**Data for the task:**
+ + + +
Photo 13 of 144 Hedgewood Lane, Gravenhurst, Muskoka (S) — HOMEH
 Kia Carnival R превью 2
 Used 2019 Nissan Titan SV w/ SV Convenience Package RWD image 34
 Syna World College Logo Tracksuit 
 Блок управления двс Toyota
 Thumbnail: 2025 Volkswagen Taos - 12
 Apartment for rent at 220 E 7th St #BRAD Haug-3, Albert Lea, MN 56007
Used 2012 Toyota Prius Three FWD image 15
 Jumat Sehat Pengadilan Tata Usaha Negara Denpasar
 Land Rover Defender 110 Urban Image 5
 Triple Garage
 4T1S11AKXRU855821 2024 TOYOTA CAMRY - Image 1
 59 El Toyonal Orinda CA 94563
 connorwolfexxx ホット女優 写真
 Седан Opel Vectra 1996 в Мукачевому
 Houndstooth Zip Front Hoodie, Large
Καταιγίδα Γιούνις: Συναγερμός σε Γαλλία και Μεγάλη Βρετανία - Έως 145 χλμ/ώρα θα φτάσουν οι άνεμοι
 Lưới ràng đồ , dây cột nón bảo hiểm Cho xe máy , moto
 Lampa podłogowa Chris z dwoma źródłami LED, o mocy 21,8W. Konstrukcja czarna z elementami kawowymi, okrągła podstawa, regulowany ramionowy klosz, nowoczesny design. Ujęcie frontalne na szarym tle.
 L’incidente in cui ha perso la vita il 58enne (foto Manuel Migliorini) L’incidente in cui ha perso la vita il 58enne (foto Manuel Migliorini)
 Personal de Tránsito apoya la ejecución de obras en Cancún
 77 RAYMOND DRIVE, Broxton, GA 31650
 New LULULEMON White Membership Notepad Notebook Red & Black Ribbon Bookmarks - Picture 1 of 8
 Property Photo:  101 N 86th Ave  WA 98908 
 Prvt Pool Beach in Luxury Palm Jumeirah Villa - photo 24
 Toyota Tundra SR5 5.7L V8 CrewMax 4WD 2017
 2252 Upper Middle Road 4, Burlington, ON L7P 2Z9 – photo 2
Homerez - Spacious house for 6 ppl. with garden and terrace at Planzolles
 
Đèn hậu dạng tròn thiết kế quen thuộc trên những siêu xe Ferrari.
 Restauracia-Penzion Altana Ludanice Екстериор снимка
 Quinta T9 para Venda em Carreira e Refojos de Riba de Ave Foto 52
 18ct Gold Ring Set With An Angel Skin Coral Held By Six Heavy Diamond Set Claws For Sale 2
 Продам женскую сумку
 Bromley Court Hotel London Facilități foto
+ + + +
**What is required:** A word-for-word copy of the full listing is required.

**Output:**
Photo 13 of 144 Hedgewood Lane, Gravenhurst, Muskoka (S) — HOMEH
 Kia Carnival R превью 2
 Used 2019 Nissan Titan SV w/ SV Convenience Package RWD image 34
 Syna World College Logo Tracksuit 
 Блок управления двс Toyota
 Thumbnail: 2025 Volkswagen Taos - 12
 Apartment for rent at 220 E 7th St #BRAD Haug-3, Albert Lea, MN 56007
Used 2012 Toyota Prius Three FWD image 15
 Jumat Sehat Pengadilan Tata Usaha Negara Denpasar
 Land Rover Defender 110 Urban Image 5
 Triple Garage
 4T1S11AKXRU855821 2024 TOYOTA CAMRY - Image 1
 59 El Toyonal Orinda CA 94563
 connorwolfexxx ホット女優 写真
 Седан Opel Vectra 1996 в Мукачевому
 Houndstooth Zip Front Hoodie, Large
Καταιγίδα Γιούνις: Συναγερμός σε Γαλλία και Μεγάλη Βρετανία - Έως 145 χλμ/ώρα θα φτάσουν οι άνεμοι
 Lưới ràng đồ , dây cột nón bảo hiểm Cho xe máy , moto
 Lampa podłogowa Chris z dwoma źródłami LED, o mocy 21,8W. Konstrukcja czarna z elementami kawowymi, okrągła podstawa, regulowany ramionowy klosz, nowoczesny design. Ujęcie frontalne na szarym tle.
 L’incidente in cui ha perso la vita il 58enne (foto Manuel Migliorini) L’incidente in cui ha perso la vita il 58enne (foto Manuel Migliorini)
 Personal de Tránsito apoya la ejecución de obras en Cancún
 77 RAYMOND DRIVE, Broxton, GA 31650
 New LULULEMON White Membership Notepad Notebook Red & Black Ribbon Bookmarks - Picture 1 of 8
 Property Photo:  101 N 86th Ave  WA 98908 
 Prvt Pool Beach in Luxury Palm Jumeirah Villa - photo 24
 Toyota Tundra SR5 5.7L V8 CrewMax 4WD 2017
 2252 Upper Middle Road 4, Burlington, ON L7P 2Z9 – photo 2
Homerez - Spacious house for 6 ppl. with garden and terrace at Planzolles
 
Đèn hậu dạng tròn thiết kế quen thuộc trên những siêu xe Ferrari.
 Restauracia-Penzion Altana Ludanice Екстериор снимка
 Quinta T9 para Venda em Carreira e Refojos de Riba de Ave Foto 52
 18ct Gold Ring Set With An Angel Skin Coral Held By Six Heavy Diamond Set Claws For Sale 2
 Продам женскую сумку
 Bromley Court Hotel London Facilități foto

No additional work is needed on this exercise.